Automated Workflow with Lifecycle Hooks

resource "panos_security_policy" "auto_deploy" {
  # ... configuration ...

  lifecycle {
    action_trigger {
      events  = [after_create, after_update]
      actions = [
        action.panos_commit.commit_to_panorama,
        action.panos_commit_all.push_to_production
      ]
    }
  }
}

Configuration Reference

device_groups (Optional)

- Type: List of strings
- Default: All device groups in Panorama
- Example: ["Production", "DMZ", "Branch-Offices"]

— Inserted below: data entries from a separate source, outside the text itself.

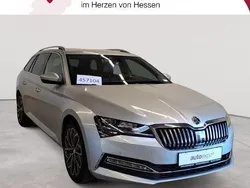 Silber Gebraucht 2021 Skoda Superb LAURIN & KLEMENT Kombi | 23.989 € (Guter Preis)
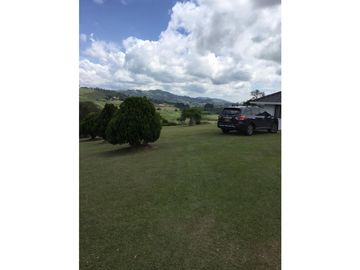 VENTA HERMOSA FINCA EN RESTREPO VALLE WASI  8058253 CL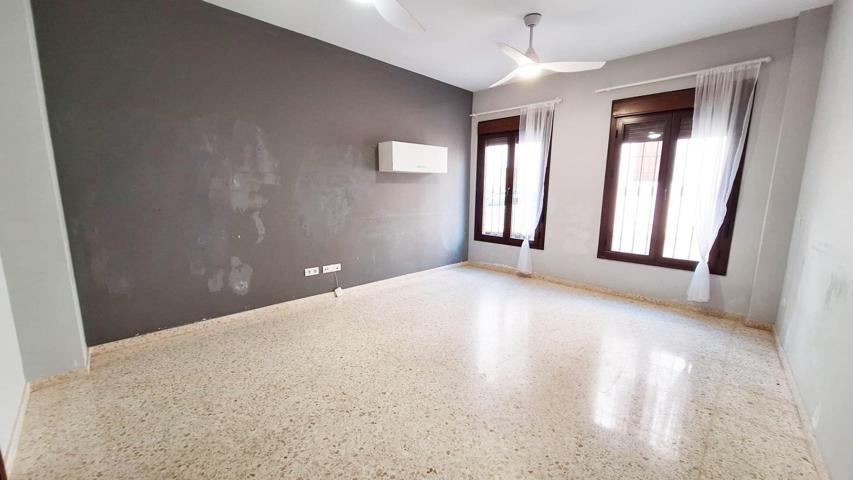¡¡ LUMINOSO PISO DE 3 DORMITORIOS CON PATIO PRIVADO EN ZONA CÉNTRICA DE FERNÁN NÚÑEZ !! photo 0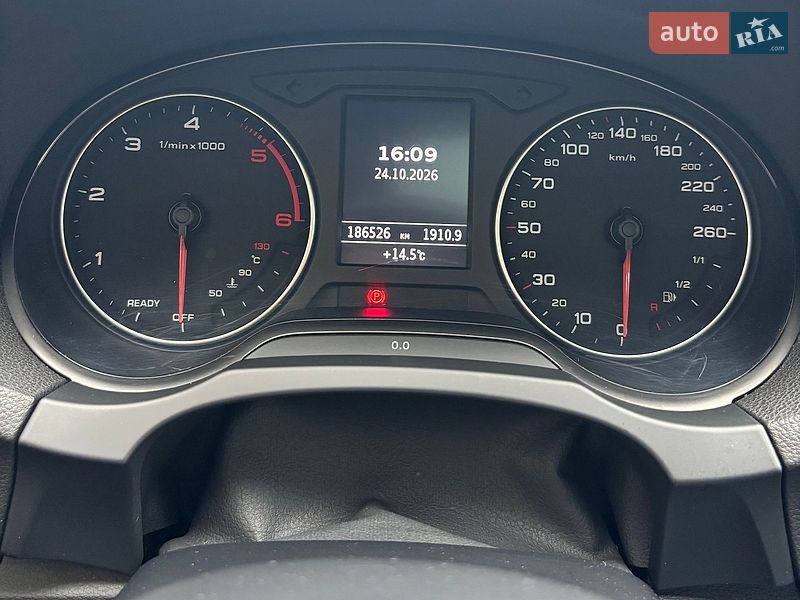 Седан Audi A3 2016 в Киеве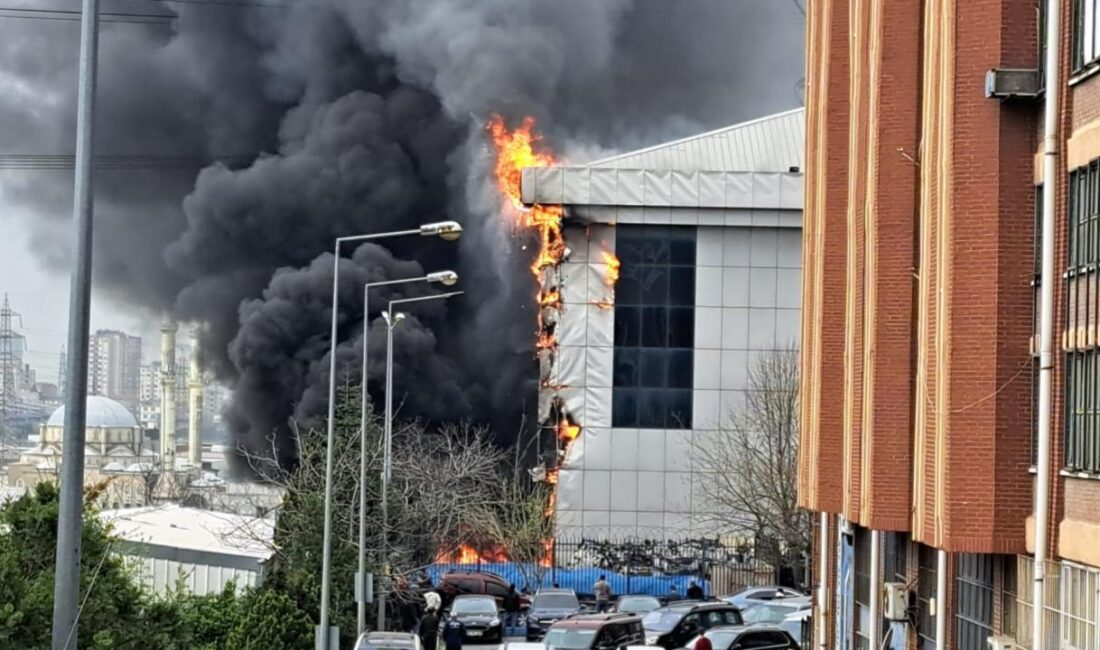 İstanbul Başakşehir'de, sanayi sitesindeki bir iş yerinde çıkan yangın itfaiye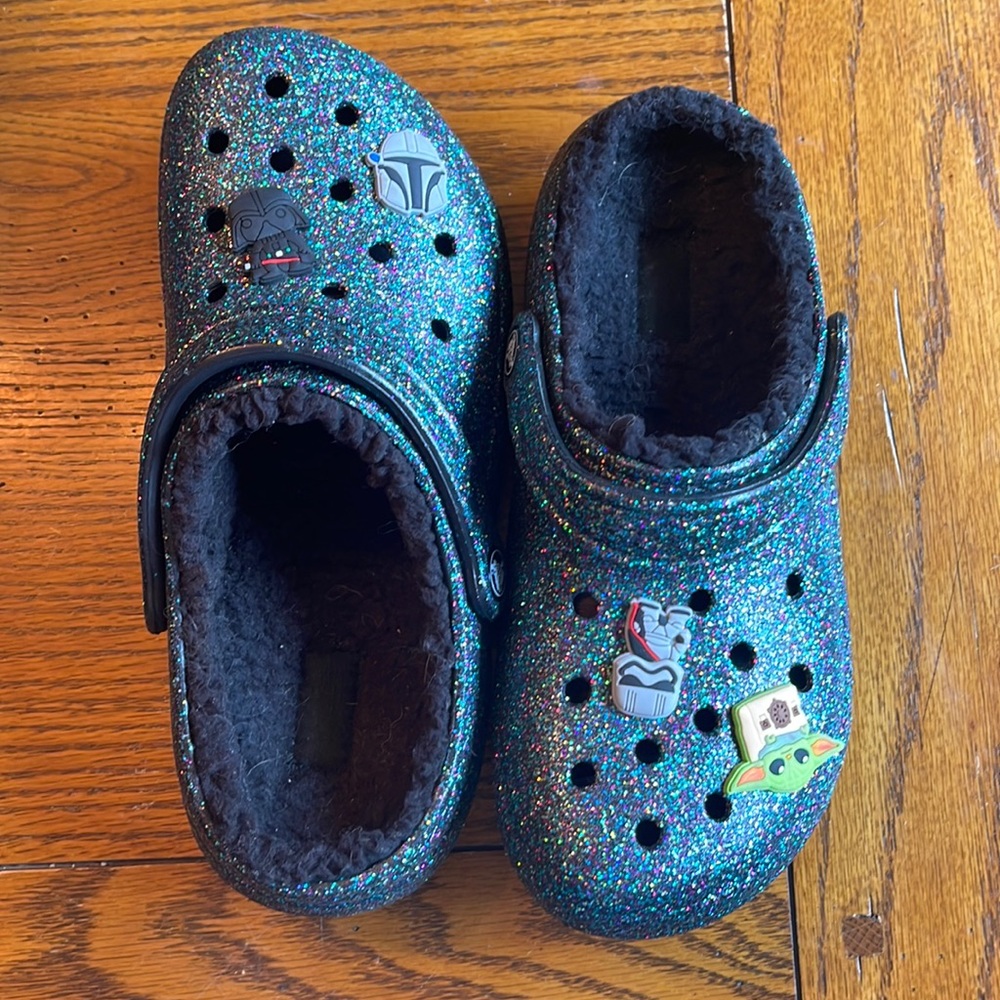 Women’s size 7 crocs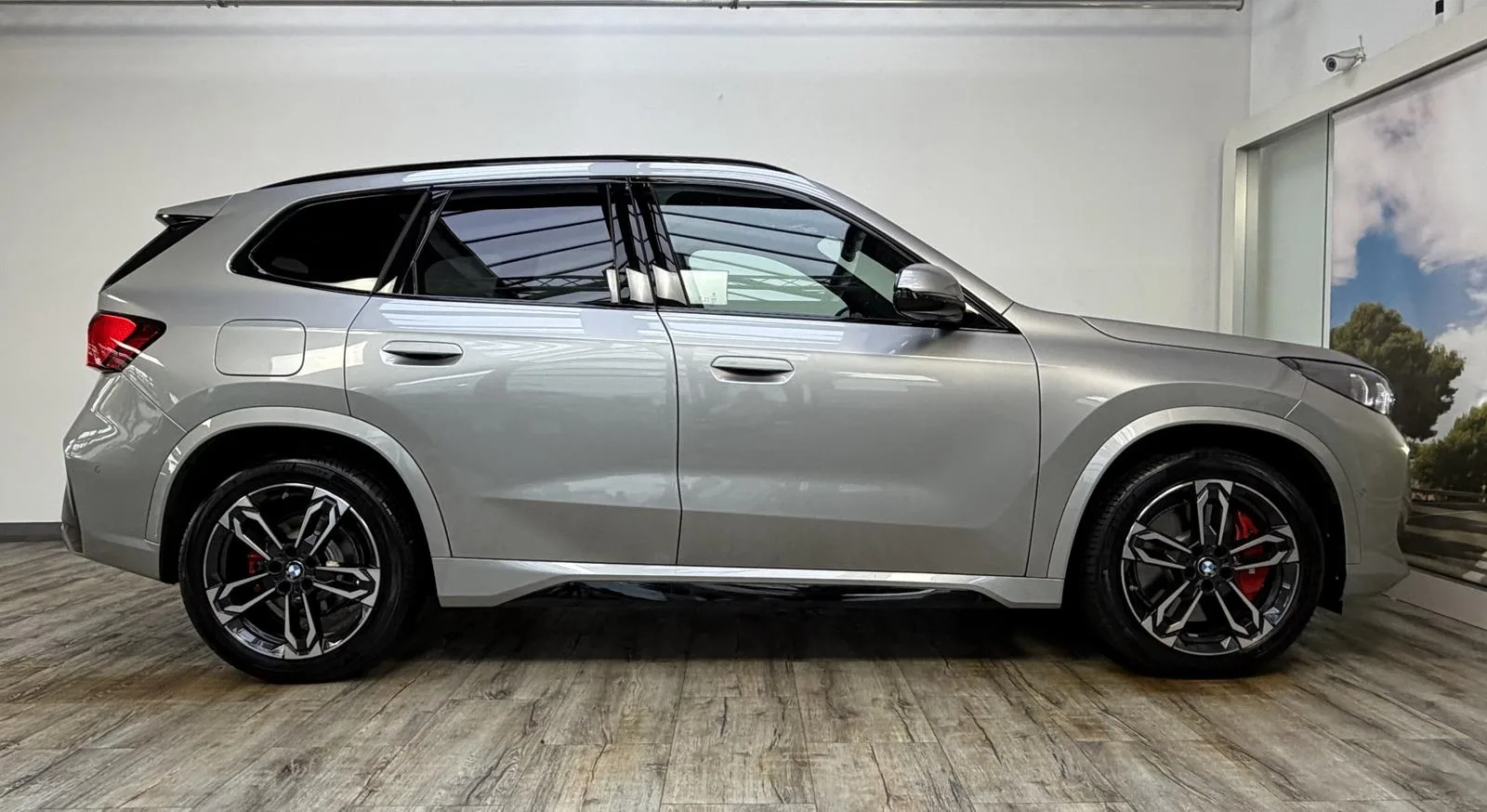 2026 BMW iX1 eDrive20 M Sport Pro, 4/30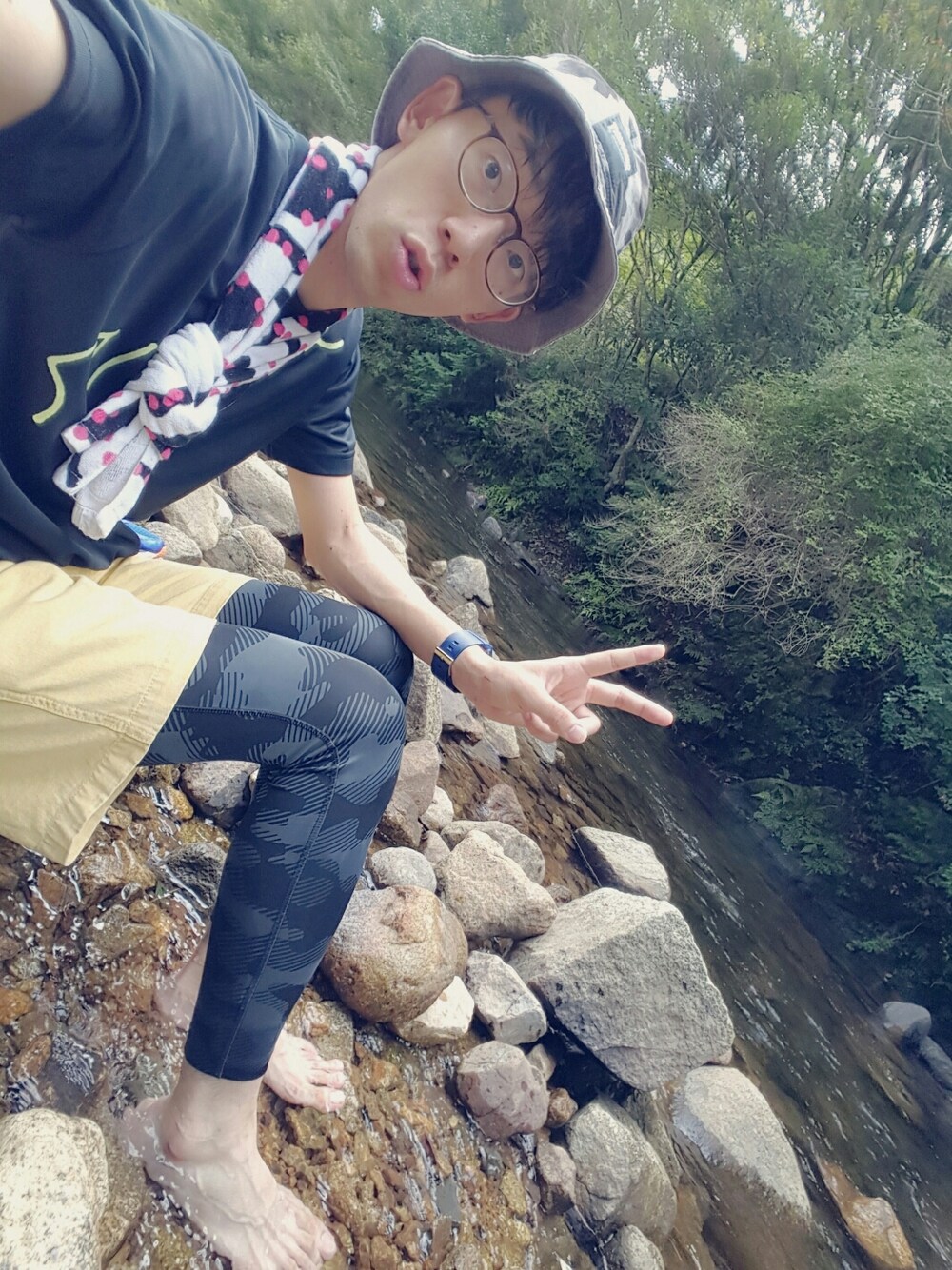「STINGRUN、山登りスタイル、季節感無し、山の水は冷たかった、トイレ遠すぎ、山ガールいなさすぎ、六甲山縦走、ハーフ？やけど頑張った、迷子になって死にかける、ラブ＆ピース2016」｜「STINGRUNのドライメッシュT（Tシャツ/カットソー、ブルー系）」を使った、おーはしくんさん（メンズ・173cm）の秋コーディネートの1枚目の写真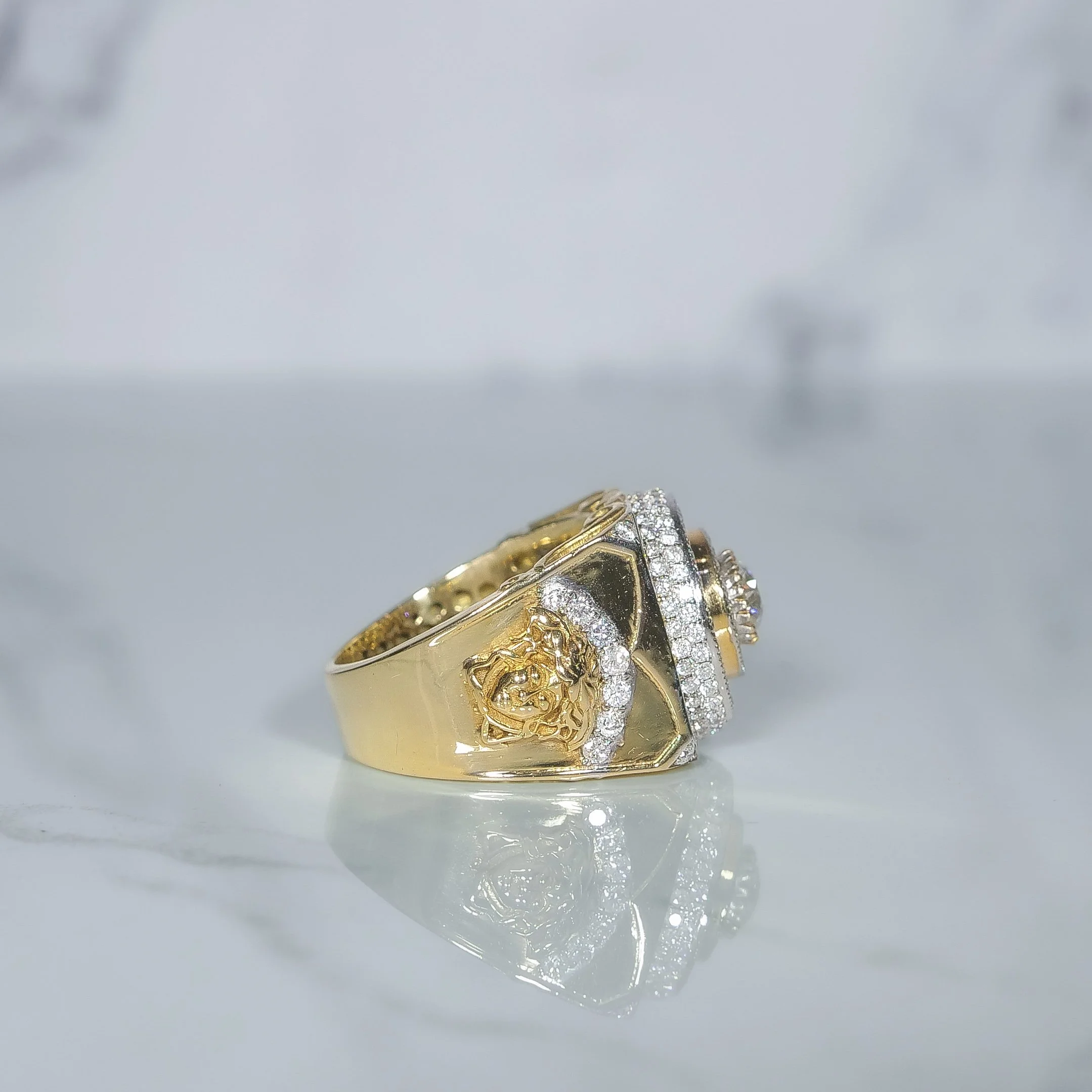 Valèrai Medusa diamond ring in 9k yellow gold, side profile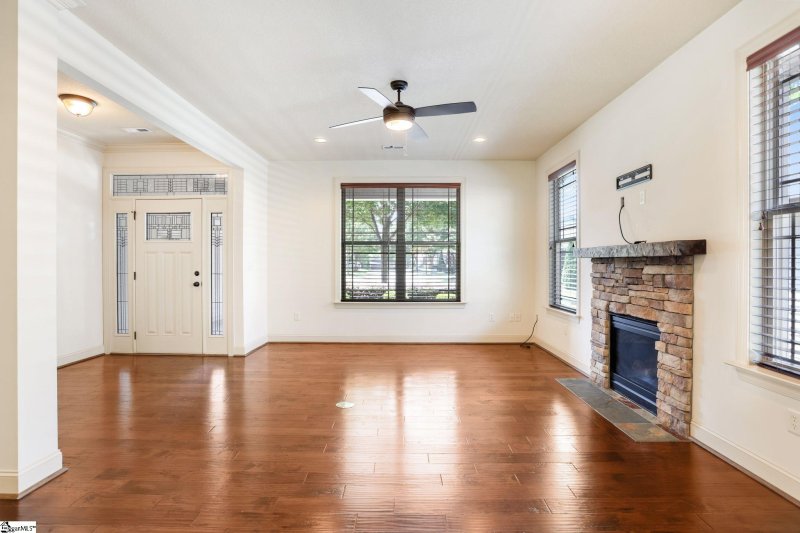 Property image 5 of 301 Ashler Drive in Greystone Cottages, Greer, SC 29650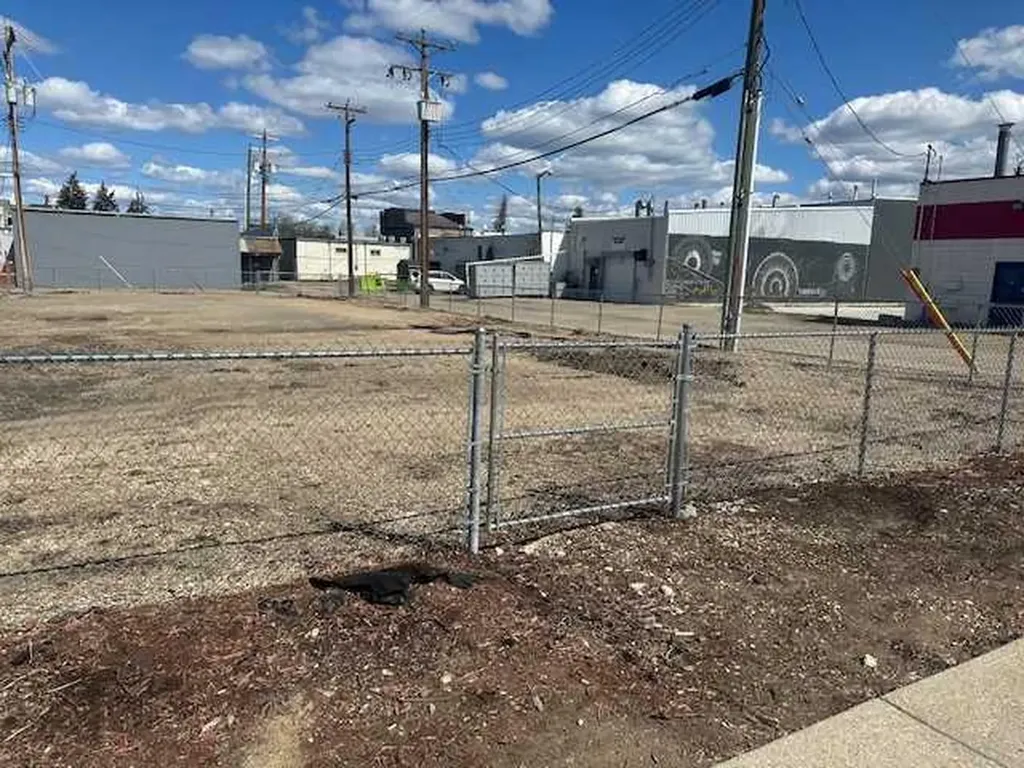 5012 51 Avenue Whitecourt AB T7S 2A2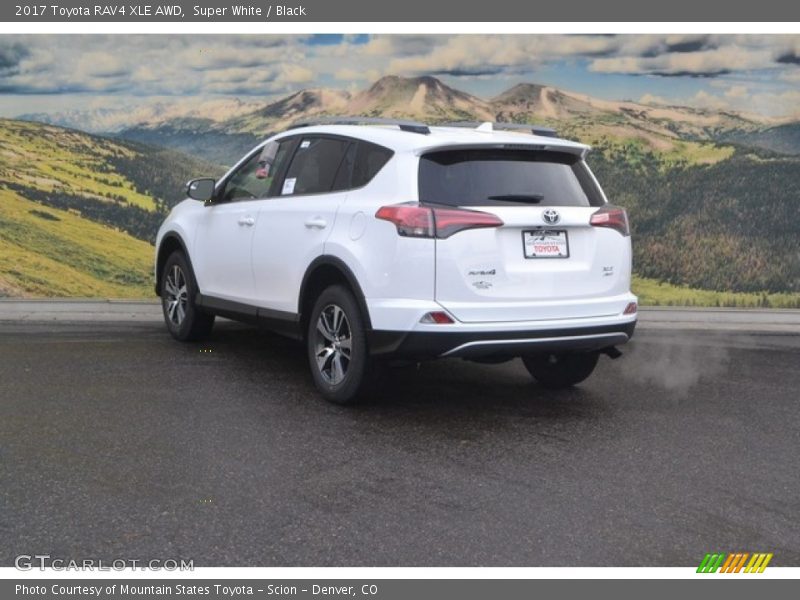 Super White / Black 2017 Toyota RAV4 XLE AWD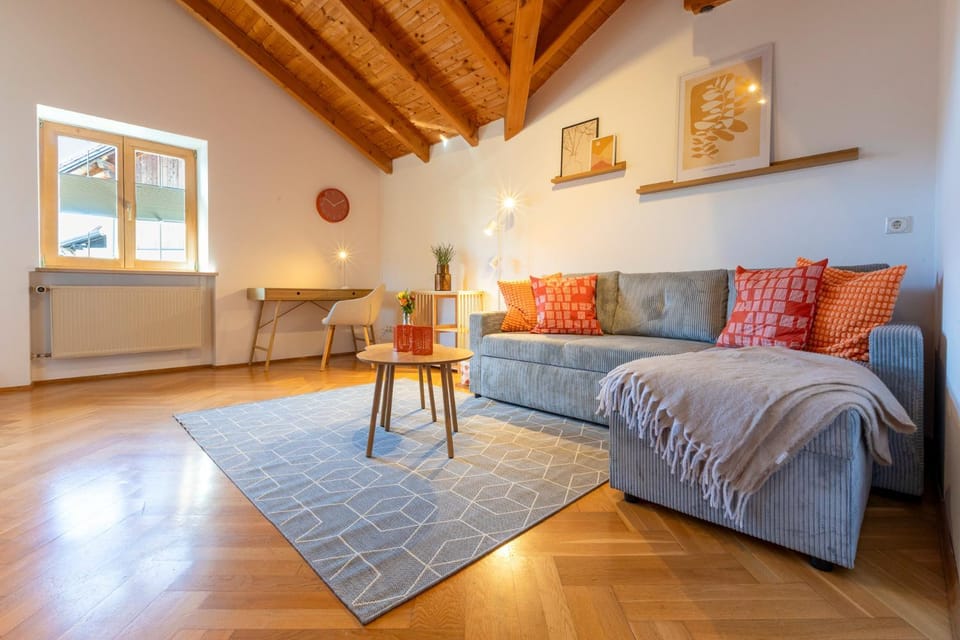 Living room, Photo of the whole room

When specified, only pushes configuration to the listed device groups. When omitted, pushes to all device groups.

Testing

Tested on:
- Panorama version: 11.2.6
- Terraform: 1.14.3
- Provider: 2.0.x (local build)

Test scenarios:
- ✅ Push to all device groups (auto-discovery)
- ✅ Push to specific device groups via device_groups parameter
- ✅ Push to multiple device groups
- ✅ Error handling when no device groups exist
- ✅ Job polling and completion
- ✅ Lifecycle action_trigger integration

Documentation

Comprehensive Documentation Included

- Action Reference (docs/actions/commit_all.md):
  - Overview and workflow explanation
  - Configuration reference
  - 10+ usage examples
  - Comparison with panos_commit
  - CI/CD integration examples
  - Troubleshooting guide
- Examples Guide (examples/COMMIT_ALL_EXAMPLES.md):
  - Comparison of Terraform Actions vs curl methods
  - Quick start guide
  - Best practices
  - Security considerations
  - Example Terraform configurations for older versions

## Breaking Changes

None. This is a new feature with no impact on existing functionality.

## Backward Compatibility

- ✅ Fully backward compatible
- ✅ Does not modify existing actions or resources
- ✅ Optional parameter (device_groups) defaults to safe behavior
- ✅ Works alongside existing panos_commit action

## Requirements

- Terraform 1.14+ (for Actions support)
- Panorama (not standalone firewalls)
- At least one device group configured in Panorama

## Migration Notes

For users currently using curl scripts or null_resource for commit-all:
1. Replace curl-based scripts with this action
2. Follow the documented workflow: commit → push
3. See examples/COMMIT_ALL_EXAMPLES.md for migration examples


## Checklist

[x] Implementation complete
[x] Documentation written
[x] Examples provided
[x] Manual testing performed
[x] No breaking changes
[x] Backward compatible


---
Note: This action requires Terraform 1.14+ which introduced Actions support.